The VICD is to record the requirements the design has for an item so that if the vendor quits making it or changes how it is made, you can procure a replacement source/part and reject items that won't work.

Some places think a VICD is to copy the supplier's stated features. Some just put down a diagram/picture, a couple reference dimensions/values, and the vendor's part number. This is useless because it doesn't show what the item has to do. If it can't be used to reject parts that don't work, a drawing is useless.

If there is an item on the floor, there was a purchase order to buy it. The purchase order should be to fulfill a drawing requirement. Therefore you know that an item has a drawing associated with it.

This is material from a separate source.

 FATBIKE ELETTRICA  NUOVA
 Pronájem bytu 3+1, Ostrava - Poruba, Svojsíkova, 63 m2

I suppose confusion could be that any one purchased item could appear on any number of VICDs because the characteristics on each of the VICDs is different, even though the one item is currently suitable for all of them. A flat washer could be on one because of it's thickness, on another because of diameter, and on a third for electrical or thermal conductivity. It's one item that fulfills the needs of three VICDs, not three VICDs that describe the same item.
 
Dote! Did I say re-identify? I did. I meant that they are not issuing an internal control number to the item based on the drawing. They are using the vendor part number on all documents and data bases, but then they want a drawing which shows a dimensioned model of the item along wiht whatever primary requirements the item has. So I feel they are breaking the system by doing this. If purchasing is given a vendor part number to order as the spec, and if the LOM shows that vendor part number, then the vendor part number IS the spec.

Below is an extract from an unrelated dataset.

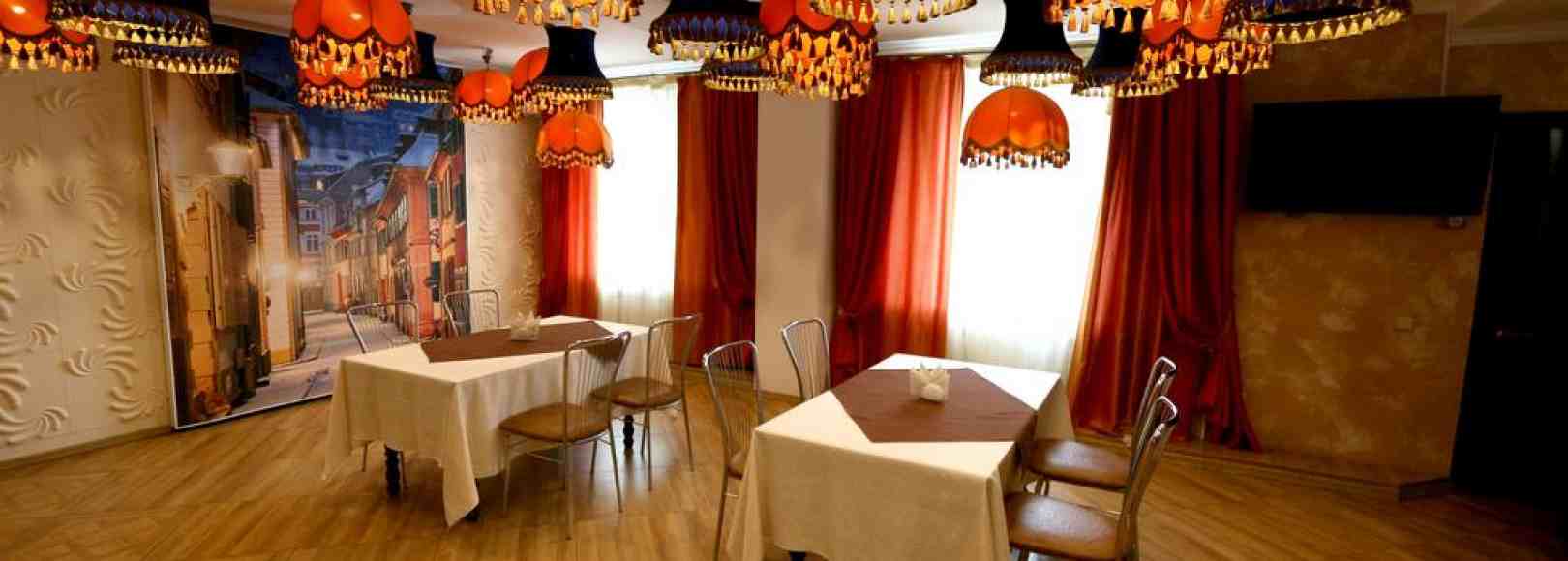 Фотография банкетного зала Апрель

Having an individual vendor item drawing for any item you do not intend to track with a corresponding ICN is kinda useless. sounds like I am not crazy then and 3DDave agrees.
 
So you are being asked to produce what amounts to a VICD,
but you are also told to not call it a VICD,
and their insistence on using the vendor hardware part number to also identify the drawing means that some poor dumb bastard like me is going to come along in a new years and NOT EVEN REALIZE THAT THE STUPID DRAWING EXISTS, because there is no way to discriminate between the drawing and the object.

Just go ahead and do what the stupidoes in charge are telling you to do, and don't try to anticipate what sort of logistical nightmares it will catalyze, because poor dumb bastards like me have always made a living cleaning up after stupidoes like the ones running that company now, and I wouldn't want my friends to run out of work.